O terço continuava, rezado em várias línguas, dez ou doze nacionalidades irmanadas na mesma fé que não olha a fronteiras nem a classes sociais. Deixei-me ir embalada naquela ladainha, mistério após mistério, Ave-Maria, Pai-Nosso, um sem fim de orações com os dedos a percorrerem lentos as contas do Rosário. A minha mente era uma confusão de sentimentos, as ideias como bolas percorrendo anarquicamente uma mesa de bilhar. Era a angústia devido ao estado de saúde do Joaquim, o pensamento desesperado ‘faço tudo o que for preciso para o salvar’, lado a lado com uma imensa perturbação por não saber com exactidão o que ali estava a fazer, as dúvidas de fé a contribuírem para o desassossego do espírito.

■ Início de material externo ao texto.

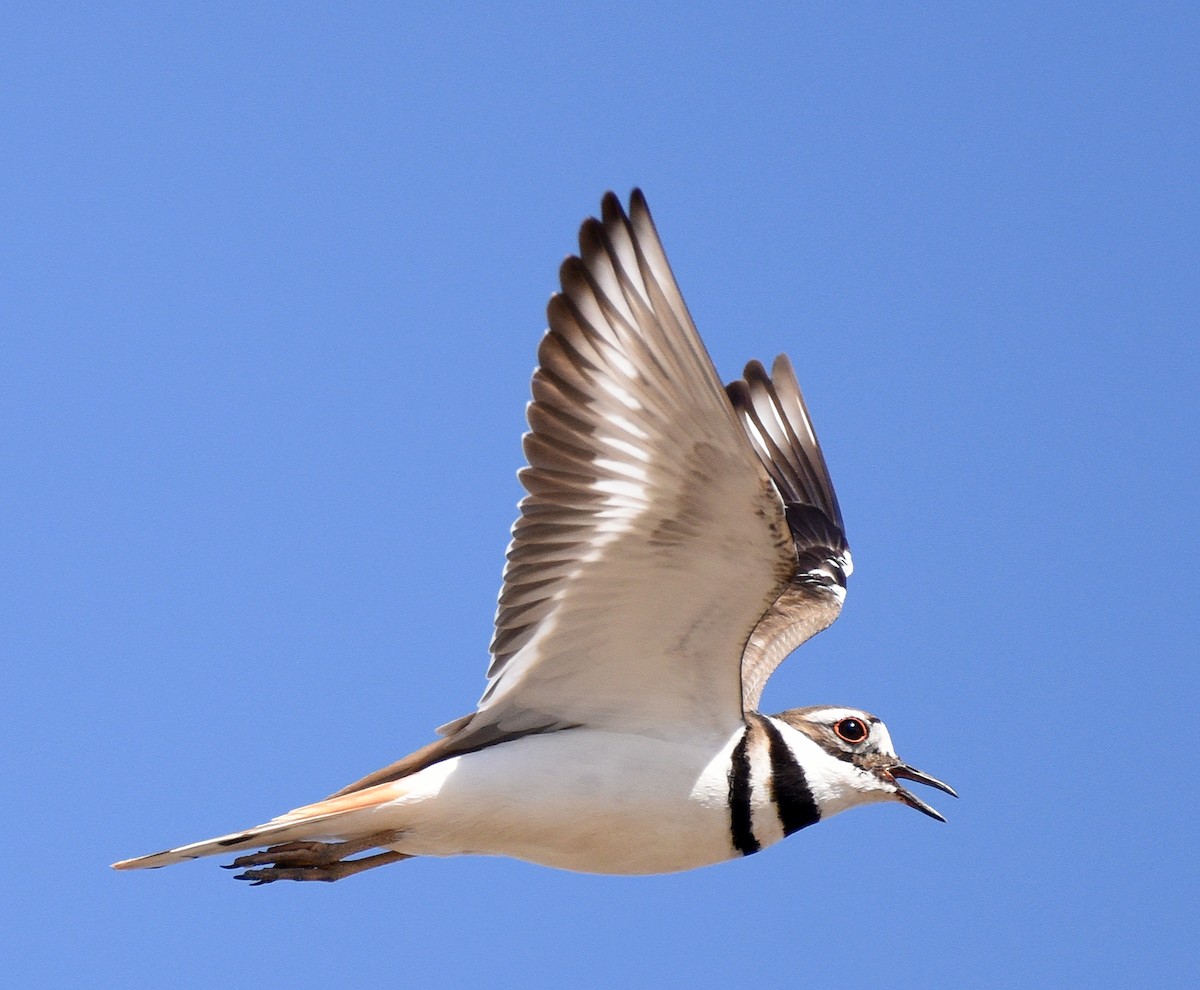 Killdeer - ML430026011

Findo o terço começou a procissão da velas, um dos momentos altos da Fátima do 13 de Maio. O andor continuava o seu percurso pelo recinto e, ao som de cada refrão, os peregrinos sentiam seguramente o mundo inteiro mais iluminado, vela ao alto, corações ao alto, os olhos postos no andor e a alma no Céu. Entrei mais uma vez naquele ritual de fé, como se quisesse mostrar a Nossa Senhora que eu estava ali, que precisava dela, sem na realidade ter uma opinião muito definida do seu verdadeiro poder e da sua influência na minha vida. ‘Rogai por nós que recorremos a vós’.
A minha atenção dividia-se de uma maneira quase ostensiva entre o ponto onde se encontrava a imagem de Nossa Senhora e aquele quadro familiar que, indiferente ao meu olhar e à minha curiosidade, prosseguia a sua jornada de devoção. O pai mantinha a filha aos ombros, esquecendo possivelmente o esforço físico, subjugado por um peso muito mais difícil de suportar. Mesmo na escuridão da noite iluminada por uma miríade de velas, consegui olhar ambos nos olhos. Surpreendeu-me como lhes consegui ver – no mesmo instante - o sofrimento e a esperança, a angústia e a confiança. Uma mistura de sentimentos que eu admitia não conseguir vislumbrar em toda a sua dimensão faltando-me, claramente, a experiência da maternidade para sentir o que é o verdadeiro amor por um filho. Naquela imagem tão singela estava o esplendor e a miséria das nossas vidas, o princípio e o fim de tudo. ‘Ave, Ave, Ave Maria’, pai e filha elevavam os braços e imagino que ambos gostariam, na diferença do entendimento de cada um, que o andor se voltasse para eles, que Nossa Senhora lhes desse um sinal – ainda que imperceptível para todos os outros – que os tinha visto e que tomaria conta deles. Para sempre.
Impressionou-me este encontro. Os olhos mareados de dor e esperança do pai, o olhar espantado, confuso e fascinado da criança agarrada com determinação a quem a suportava, como se quisesse imortalizar aquele abraço, validá-lo pela presença da Mãe de Cristo. (...)
(Excertos do livro Deus pregou-me uma partida, do editor e dono deste estabelecimento e de Rita Jonet, Edições Lucerna, 2005)
5 comentários:
Não a conheço, nem sei a mensagem deste texto, mas prezumo que seja de algum sofrimento.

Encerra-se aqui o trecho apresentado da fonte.